W filmie obok Denzela Washingtona i Chloë Grace Moretz zagrali Marton Csokas, David Harbour, Bill Pullman i Melissa Leo. Reżyserem filmu nakręconego na podstawie scenariusza Richarda Wenka jest Antoine Fuqua. Obraz powstał w oparciu o serial telewizyjny stworzony przez Michaela Sloana i Richarda Lindheima. 

Gerard Depardieu jako seksoholik

W polskich kinach debiutuje też w ten weekend "Witamy w Nowym Jorku". To nowy film Abla Ferrary, twórcy "Złego porucznika", z Gérardem Depardieu w roli głównej.  Ferrara wraca z mocną opowieścią inspirowaną głośną aferą z udziałem Dominique'a Strauss-Kahna, uzależnionego od seksu byłego dyrektora zarządzającego Międzynarodowym Funduszem Walutowym. U boku Gérarda Depardieu w jednej z głównych ról zobaczymy Drenę De Niro, córkę Roberta De Niro. Deveraux jest potężnym człowiekiem. Przez jego ręce codziennie przewijają się miliardy dolarów, a decyzje mają wpływ na globalną ekonomię. Jednak afera seksualna z udziałem pokojówki z nowojorskiego hotelu doprowadzi do aresztowania i załamania błyskotliwej kariery finansisty.
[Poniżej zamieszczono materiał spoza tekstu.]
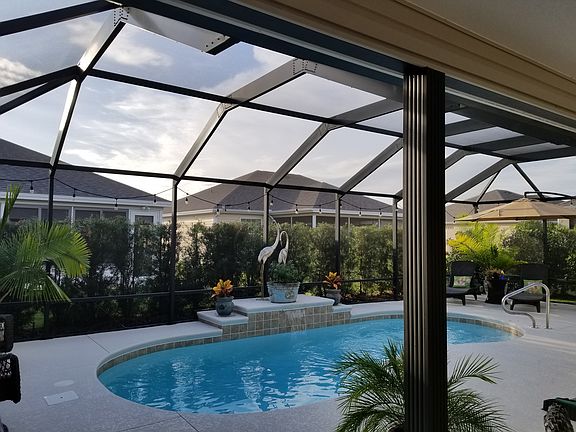 Lanai to Pool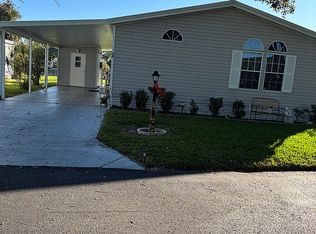 76 Fountain Dr, Leesburg, FL 34748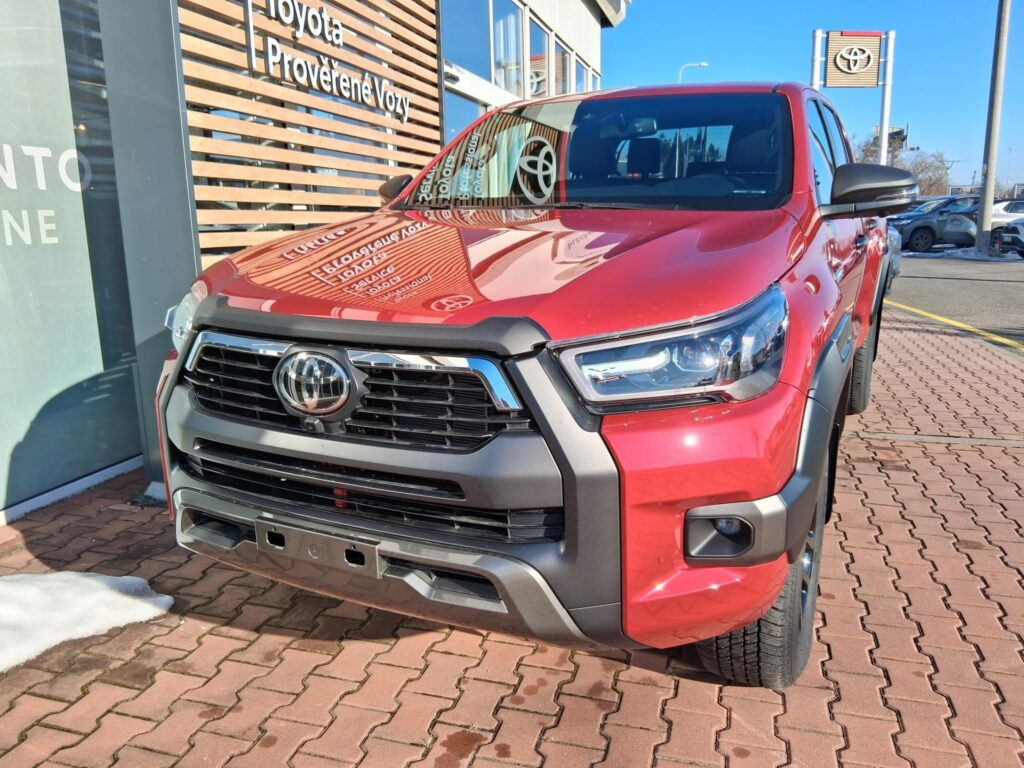 Toyota Hilux  2,8D-4D 205K INVINCIBLE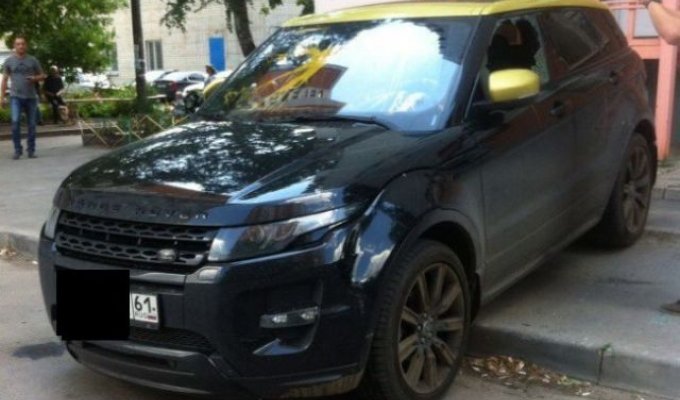 В Ростове-на-Дону злоумышленники облили краской салон кроссовера Range Rover Evoque (7 фото)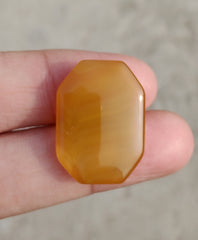 Natural Carnelian Gemstone- Yellow Aqeeq- 21.9ct 18x25mm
W kinie i pracy Abla najbardziej podoba mi się to, że jest bezkompromisowy - mówi Gérard Depardieu - Wie dokładnie, czego chce. Zbudował też wokół siebie wspaniały, kreatywny zespół, z którym wiele przeszedł i stworzył. Jestem taki, jak on. Ferrara grzebie głęboko w spazmach swojego cierpienia - dodaje aktor.